An online game with Skype/maptool (or similar programs) would be nice.

Time: I'm fairly open to days we would play, except Wednesday. Time slot would be 6pm-12pm UTC+1 

I have some experience with the system, DM'ed a bit, so if we can't find someone to DM, I could do it (but I'd rather play as a PC)

If interested answer in this thread or email me oschiefloyd@googlemail.com


ps: UTC = GMT


----------



## Lindeloef (Jun 25, 2012)

Update: found 2 other players, that makes us a group of 3.

so with 2 others, we would be good to go. (if 3 guys want to join, it's fine as well  )

I would DM (if no one else wants to).

Also Newcomers to the game are welcome!
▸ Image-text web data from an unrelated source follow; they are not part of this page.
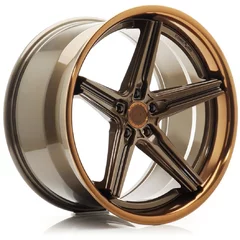 <h2>Concaver CVR9</h2>Glossy Bronze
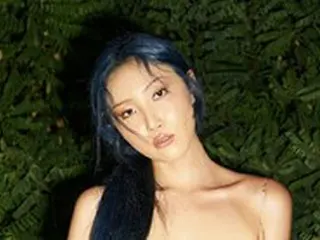 「MAMAMOO」ファサ、YouTubeチャンネルオープン…登録者あっという間に急増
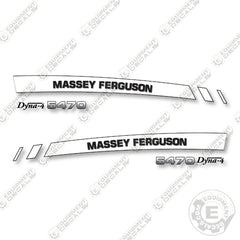 Massey Ferguson 5470 Decal Kit Tractor- Aftermarket Kit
Didn't state it before, as it seemed obvious...

UPDATE: And another player 
with one more person (player or DM i am not picky) we could start


----------



## Lindeloef (Jun 28, 2012)

Okay a small (and kinda disappointing) Update:

We are back to 2 Players.

The game would be on Monday/Tuesday/Wednesday/Thursday (not decided yet) and would start around 7-ish PM CEST and would end 11-12-ish PM CEST.

If you don't know what CEST is or what timezone you are at please check before answering.
either Google it or use this Time Zone Map


----------



## Grumpy RPG Reviews (Jun 30, 2012)

I am in Bulgaria, which I believe is +2. I am also interested in this campaign, and have enough experience to run it or play in it.


----------



## mitch637 (Jul 2, 2012)

*new player*

hey im a new player looking to get into the tabletop rpg world id be up to play if you would be up to teach me how 

im 20 and am in the Eastern Time Zone (ontario)


----------



## Jan van Leyden (Jul 3, 2012)

I'm just 80 km north of you Lindeloef, so the time zone would be perfect for me, and definitely interested in playing.

Monday or Thursday would be perfect, Tuesday and Wednesday less so, as these days would collide with my regular group and our weekly board game night.


----------



## Lindeloef (Jul 3, 2012)

Just want to say, not searching anymore


----------